■ **EXERCISE BRIEF**
Word for word, please copy the line containing "Around the back" and all lines after it in the entries below, and only those, leaving every picture out.

(Stored items)
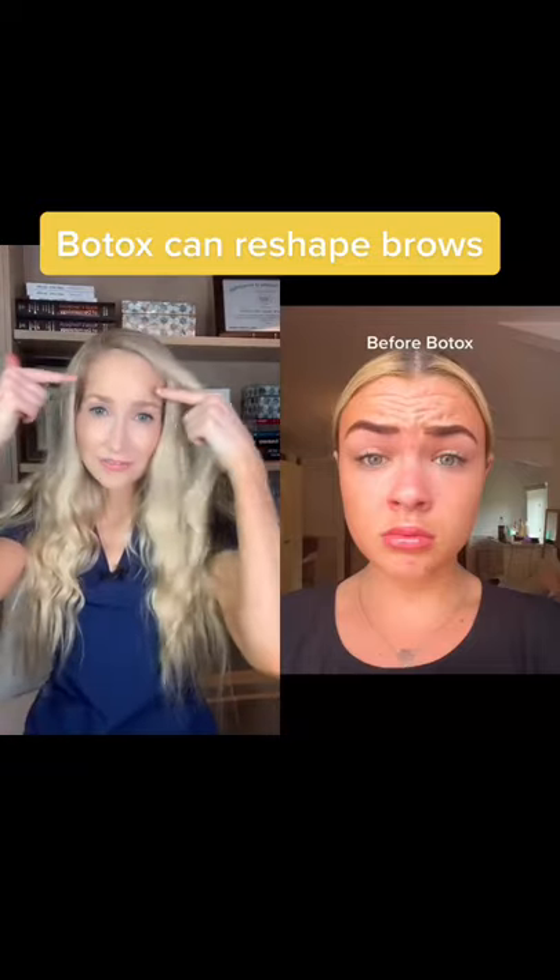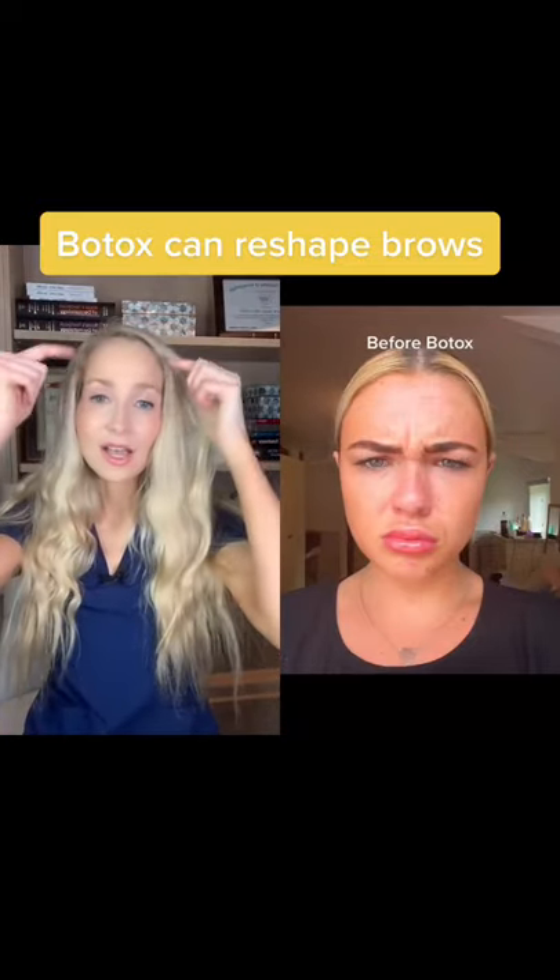Let's take a look at this Botox journey. That's the frontalis muscle when she's raising her brows. When she's frowning, you're seeing the procerus and the corrugators. Now as the Botox is starting to take effect, you can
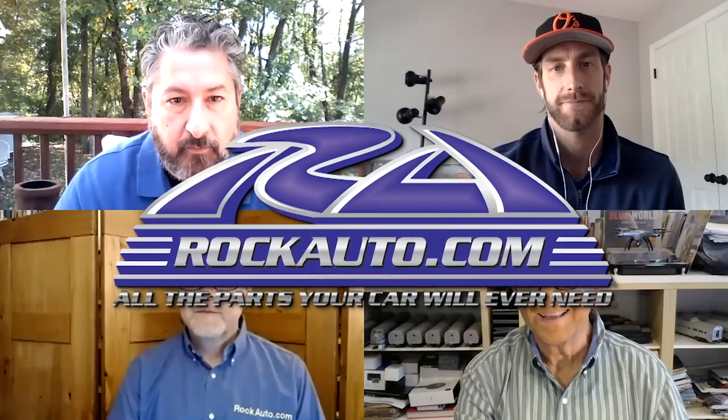Welcome to the podcast of MotorWeek, television's original automotive magazine. MotorWeek is made possible by rockauto.com. Here's your MotorWeek podcast host, John Davis. And thank you, Alec Webb, and welcome everyone to MotorWeek podcast number 240.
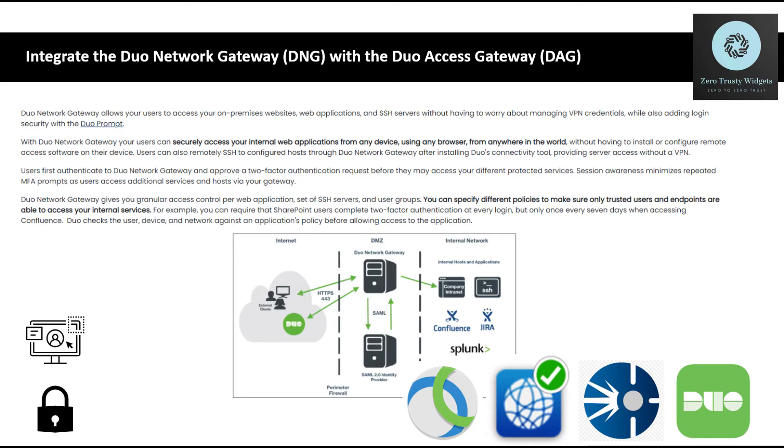Session awareness minimizes repeated multi-factor authentication prompts as users access additional services and hosts via your network gateway. Duo Network Gateway gives you granular access control per web application, set of SSH servers, and user groups. You can specify different policies to make sure only trusted users and endpoints are able to access your internal services.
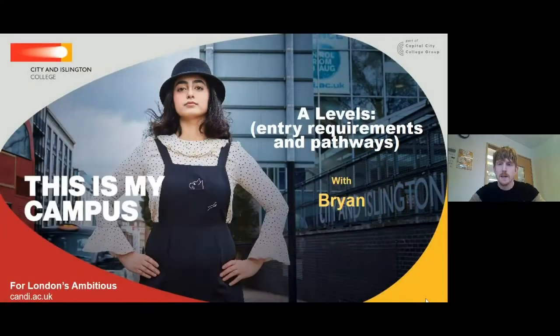Good morning, everybody. Thank you very much, Nathan. As you've just heard, my name is Brian Johnston. I am one of the deputy directors here at the Angel Campus, and I'm just going to spend some time with you this morning talking a little bit about our entry requirements for A-Levels and our pathways. So if we get started and move to the next slide.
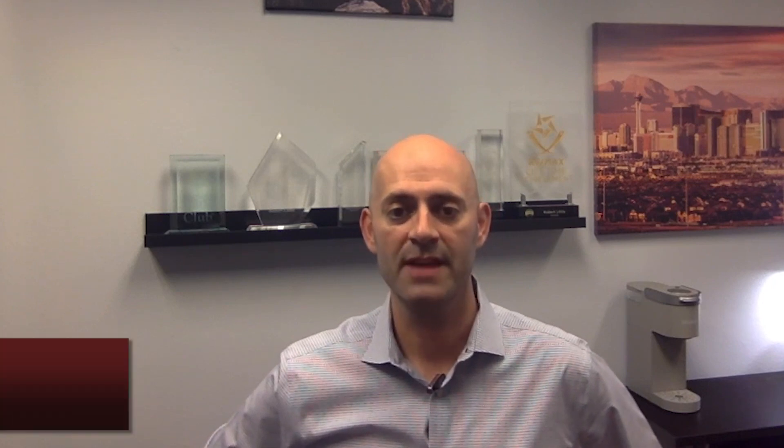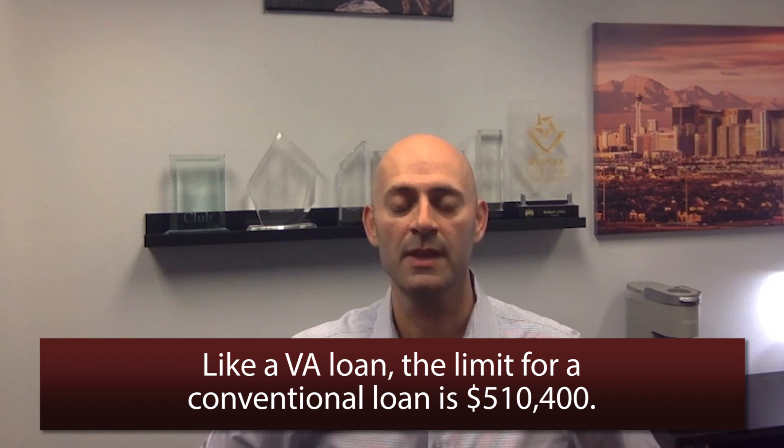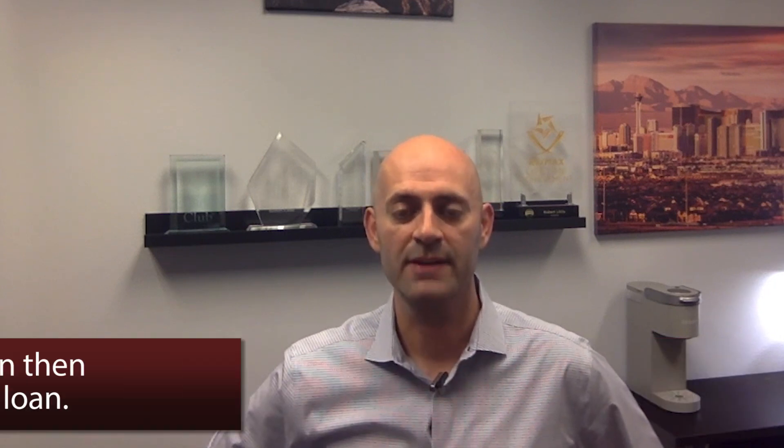The fourth major loan type is what's called a jumbo loan. The current loan limit for a conventional loan in Clark County, Nevada is $510,400, the same as VA. So if you're getting a loan for over that amount, that's called a jumbo loan. In that case, you need to go to your bank or mortgage lender and get what's called a jumbo loan. Those rates vary based on the loan amount and the down payment. Oftentimes these are lent out by private banks, credit unions, or what are called portfolio lenders — non-Fannie and Freddie Mac-backed loans — so they have different underwriting criteria depending on who you go to.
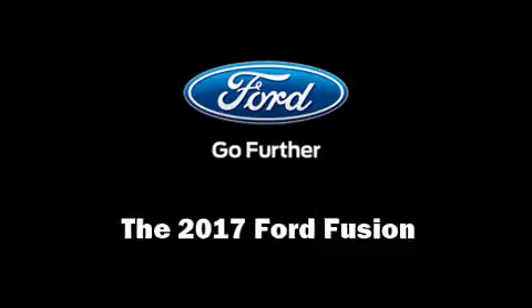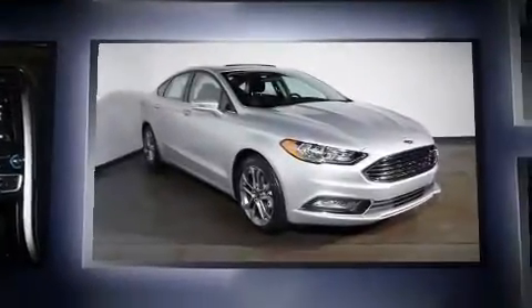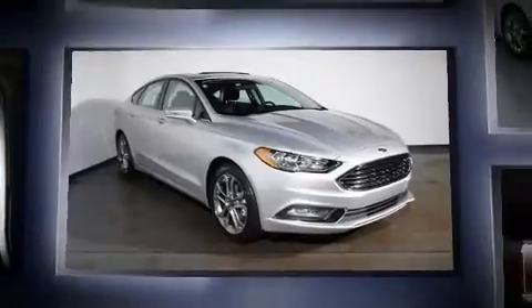Get excited about the 2017 Ford Fusion. Smooth gear shifts are achieved thanks to the efficient four-cylinder engine, and for added security, dynamic stability control supplements the drivetrain.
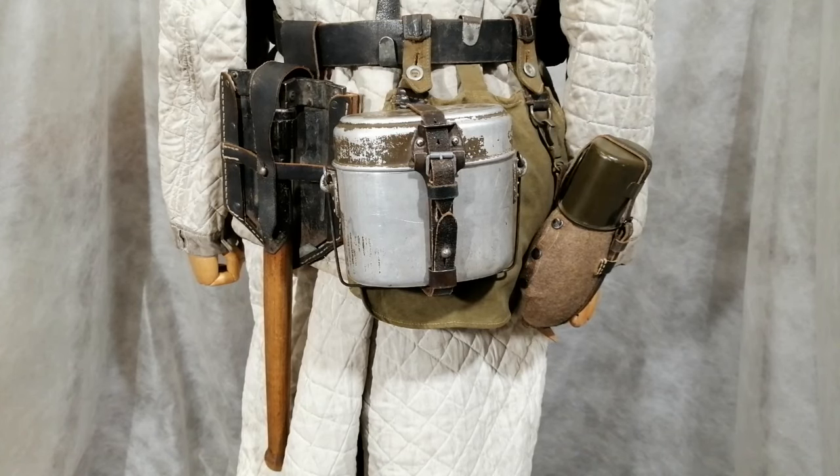Around the back we've got the usual bread bag for keeping the soldier's personal bits of equipment in, the aluminium mess tin, and the water canteen. Then there's the entrenching tool - it's a folding entrenching tool. I always thought the Americans came out with this design first, but apparently in 1941 the Germans introduced this folding type and the Americans copied the idea in 1943. This is the only item I'm not sure about whether it's original or post-war - it's very difficult to tell.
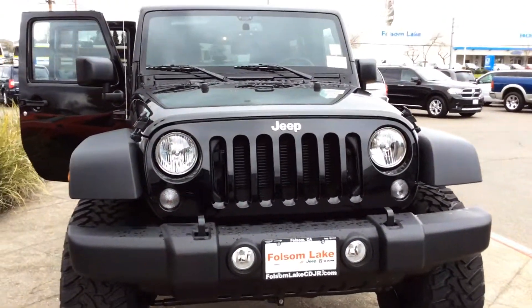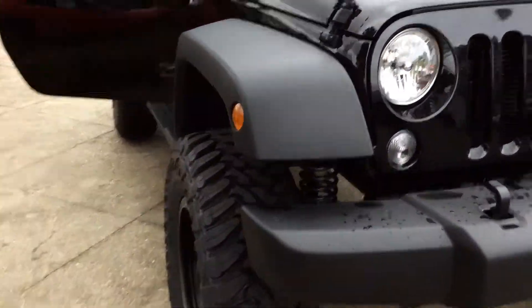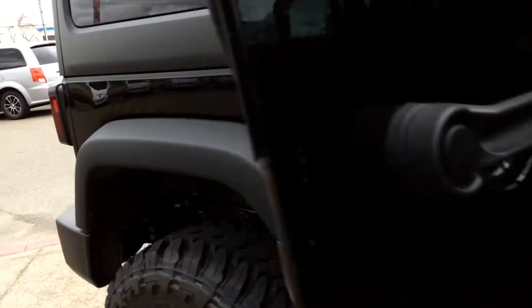Hey, Jerome here at Folsom Lake Chrysler Dodge Jeep Ram. We have a 2017 Jeep Wrangler Unlimited. This one is black, with very beautiful black rims to go with it.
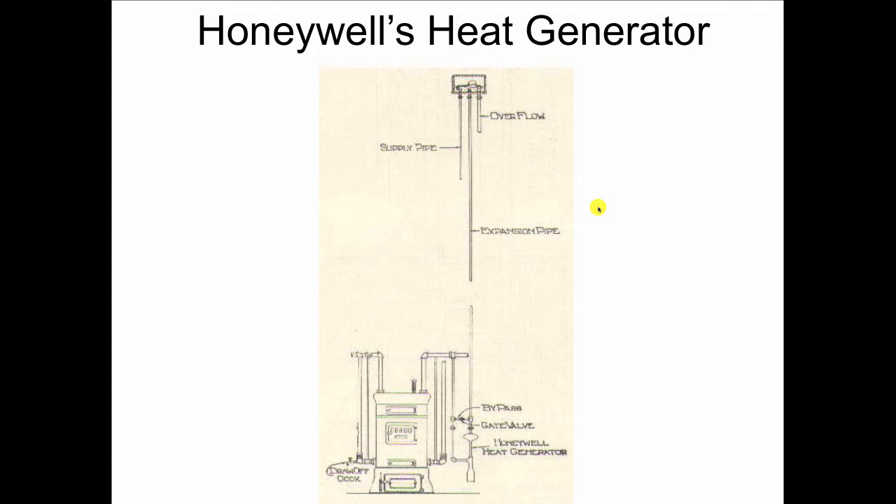Dave disconnects this thing, picks it up, and starts shaking it. He says, "It's full of something. It must be full of dirt. It's connected to the top of the system, the system's open to the atmosphere, there's a lot of corrosion going on here over the past hundred years. The corrosion probably settled down into this thing. It must be some kind of a dirt collector or strainer."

■ **SOLUTION BELOW**
Around the back we've got the usual bread bag for keeping the soldier's personal bits of equipment in, the aluminium mess tin, and the water canteen. Then there's the entrenching tool - it's a folding entrenching tool. I always thought the Americans came out with this design first, but apparently in 1941 the Germans introduced this folding type and the Americans copied the idea in 1943. This is the only item I'm not sure about whether it's original or post-war - it's very difficult to tell.
Hey, Jerome here at Folsom Lake Chrysler Dodge Jeep Ram. We have a 2017 Jeep Wrangler Unlimited. This one is black, with very beautiful black rims to go with it.
Dave disconnects this thing, picks it up, and starts shaking it. He says, "It's full of something. It must be full of dirt. It's connected to the top of the system, the system's open to the atmosphere, there's a lot of corrosion going on here over the past hundred years. The corrosion probably settled down into this thing. It must be some kind of a dirt collector or strainer."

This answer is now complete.